Экономисты-оптимисты, вроде знаменитого Ирвинга Фишера из Йельского университета, подливали масла в огонь. За неделю до краха он уверенно заявлял: «Курс акций достиг перманентно высокого плато». Ему вторили политики и биржевые гуру. Никто не хотел слышать голоса скептиков, предупреждавших, что этот пузырь не может надуваться вечно. Предупреждения о перегреве рынка тонули в общем хоре восторгов. Люди верили не в скучные экономические показатели, а в американскую мечту, которая, казалось, вот-она — достаточно протянуть руку и купить нужный пакет акций.

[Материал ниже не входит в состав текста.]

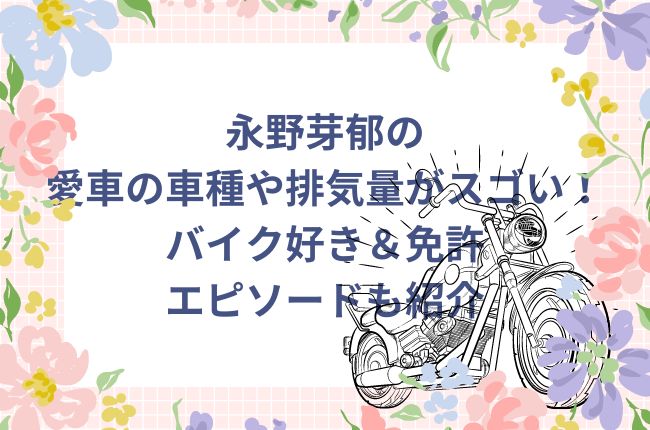 永野芽郁の愛車の車種や排気量がスゴい！バイク好き＆免許エピソードも紹介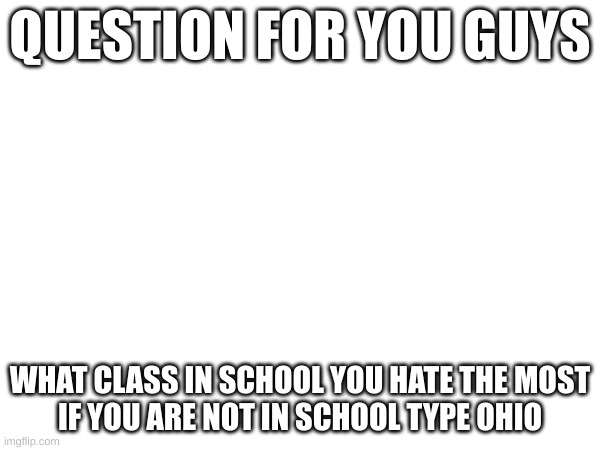 QUESTION FOR YOU GUYS; WHAT CLASS IN SCHOOL YOU HATE THE MOST

IF YOU ARE NOT IN SCHOOL TYPE OHIO | made w/ Imgflip meme maker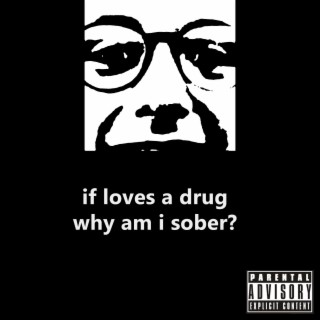 If Loves A Drug Why Am I Sober?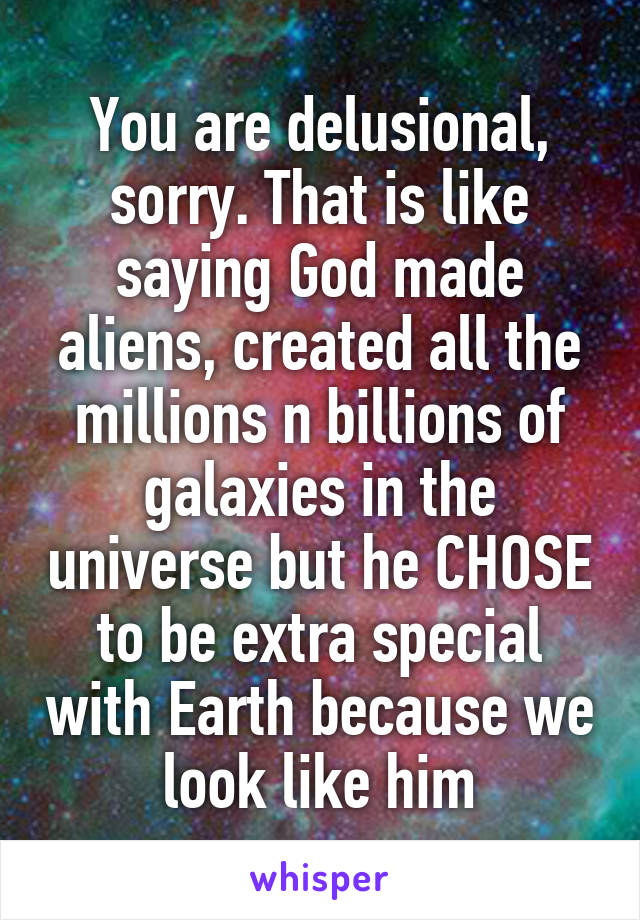 You are delusional, sorry. That is like saying God made aliens, created all the millions n billions of galaxies in the universe but he CHOSE to be extra special with Earth because we look like him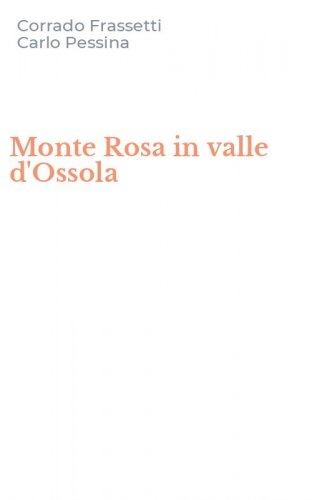 Monte Rosa in valle d'Ossola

Биржевые маклеры были новыми героями нации, волшебниками, превращавшими бумагу в золото. Их офисы в устремлённых в небо нью-йоркских небоскрёбах казались храмами нового мира, где любой мог стать миллионером.
Но под глянцевой поверхностью этого процветания скрывались глубокие трещины. Промышленность производила больше товаров, чем люди могли купить. Фермеры страдали от перепроизводства и падения цен на свою продукцию. А главное, сам рост рынка был во многом искусственным. Он держался на так называемой «маржинальной торговле» — покупке акций в долг. Инвестор мог купить акций на 1000 долларов, имея в кармане всего 100, а остальные 900 ему давал в кредит брокер. Пока рынок рос, всё было прекрасно. Но как только акции начинали падать, брокер требовал немедленно вернуть долг. А поскольку денег у инвестора не было, ему приходилось срочно продавать свои акции по любой цене, чтобы расплатиться. Это, в свою очередь, толкало цены ещё ниже, вызывая цепную реакцию. Система была похожа на карточный домик, который мог рухнуть от малейшего дуновения.
И это дуновение произошло в конце октября 1929 года. После нескольких тревожных дней, когда рынок слегка покачивало, 24 октября, в «чёрный четверг», началась паника. Цены на акции резко пошли вниз. Толпы людей собирались у здания фондовой биржи, в ужасе глядя на телеграфные ленты, выплёвывавшие всё новые и новые цифры падения. Крупнейшие банкиры Уолл-стрит попытались спасти положение, демонстративно скупая большие пакеты акций, чтобы показать свою уверенность в рынке. На какое-то время это сработало. Но это было всё равно что пытаться остановить цунами с помощью ведра и лопаты. На следующей неделе паника вернулась с удвоенной силой. 29 октября, в «чёрный вторник», рынок окончательно рухнул. За один день было продано более 16 миллионов акций. Телефонные линии были перегружены, телеграфные аппараты не успевали печатать котировки. Тысячи людей за несколько часов превратились из миллионеров в нищих. Танец на вулкане закончился. Началась Великая депрессия.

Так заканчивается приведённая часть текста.